Enid Blyton’s Famous Five to get a 21st-century makeover
Farewell to the awful swotters, dirty tinkers and jolly japes: Enid Blyton’s language is being dragged out of the 1940s by her publisher in an attempt to give her books greater appeal for today’s children.books Updated: Jul 26, 2010 12:34 IST
Farewell to the awful swotters, dirty tinkers and jolly japes: Enid Blyton’s language is being dragged out of the 1940s by her publisher in an attempt to give her books greater appeal for today’s children.
Starting next month with 10 Famous Five novels, Hodder is “sensitively and carefully” revising Blyton’s text after research with children and parents showed that the author’s old-fashioned language and dated expressions were preventing young readers from enjoying the stories. The narrative of the novels will remain the same, but expressions such as “mercy me!” have been changed to “oh no!”, “fellow” to “old man” and “it’s all very peculiar” to “it’s all very strange”.

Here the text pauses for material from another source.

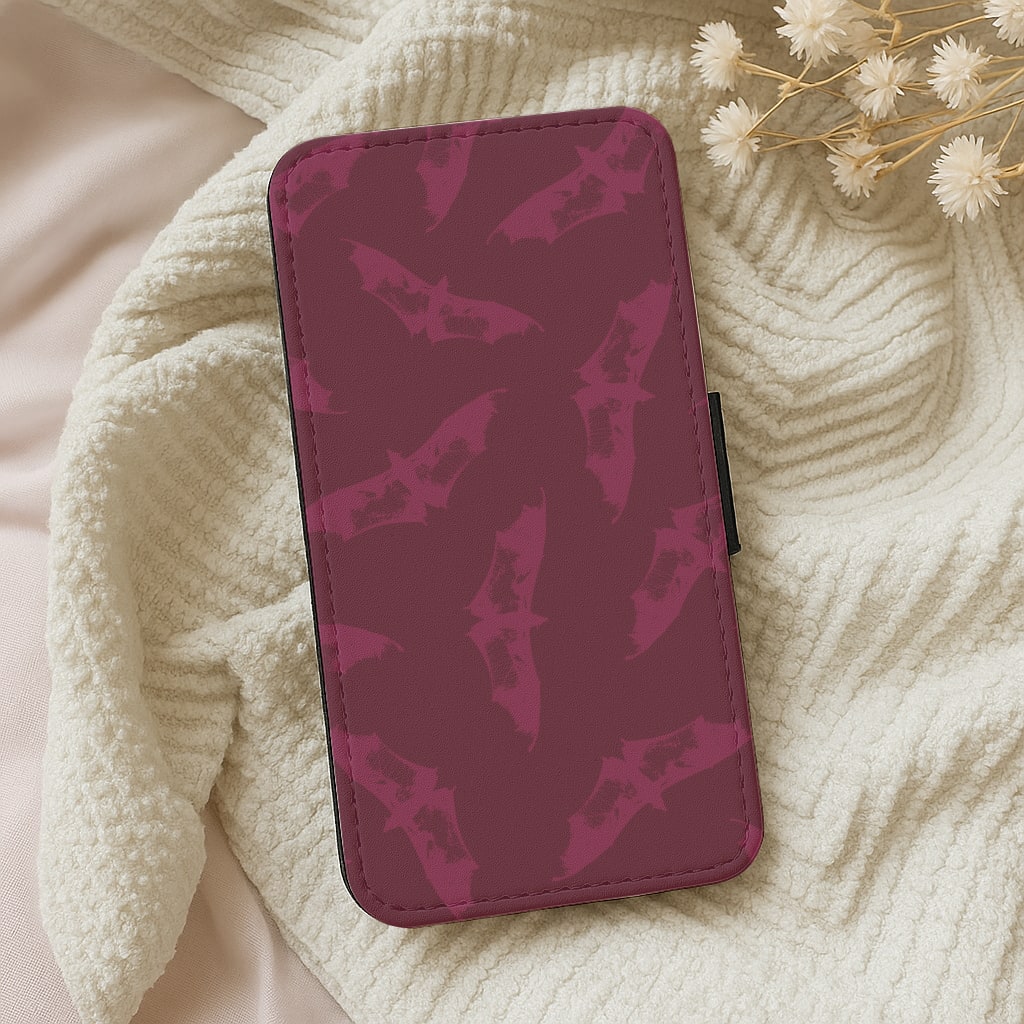 Dark Pink Bats Pattern Wallet Phone Case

The intention, said Hodder, is to make the text “timeless” rather than 21st century, with no modern slang — or references to mobile phones — introduced.
“The actual stories remain the same — there’s no change to the plot whatsoever,” said Anne McNeil, publishing director of Hodder Children’s Books. “Children who read (the Famous Five books) need to be able to easily understand the haracterisations and easily to get into the plots. If the text is revised (they’re) more likely to be able to engage with them.” Other changes include “housemistress” becoming “teacher”, “awful swotter” becoming “bookworm”, “mother and father” becoming “mum and dad”, “school tunic” becoming “uniform” and Dick’s comment that “she must be jolly lonely all by herself” being changed to “she must get lonely all by herself”.
McNeil said references to a “tinker” have also been changed to “traveller”. “Enid Blyton wouldn’t have meant that (‘tinker’) pejoratively. It’s a description of a person, in order to place the character. So ‘dirty tinker’ has become traveller.” Blyton, said Hodder, was a “passionate” advocate of child literacy and would stress the importance of children relating to her characters, especially through their dialogue. The author criticised the books that she used to read as a child herself, saying: “There was no lively conversation, telling exactly what the speakers were like, just as a conversation does in real life”.
Hodder will publish 10 contemporary Famous Five books in August, starting with Five on a Treasure Island, originally published in 1942, in which siblings Julian, Dick and Anne first spend the summer with their tomboy cousin George (Georgina, by rights) and her dog Timmy, and hunt for treasure on Kirrin island. It will bring out the rest of the titles over the next seven months, and McNeil said that if research pointed towards the need to update further Blyton titles “we would respond (to that)”.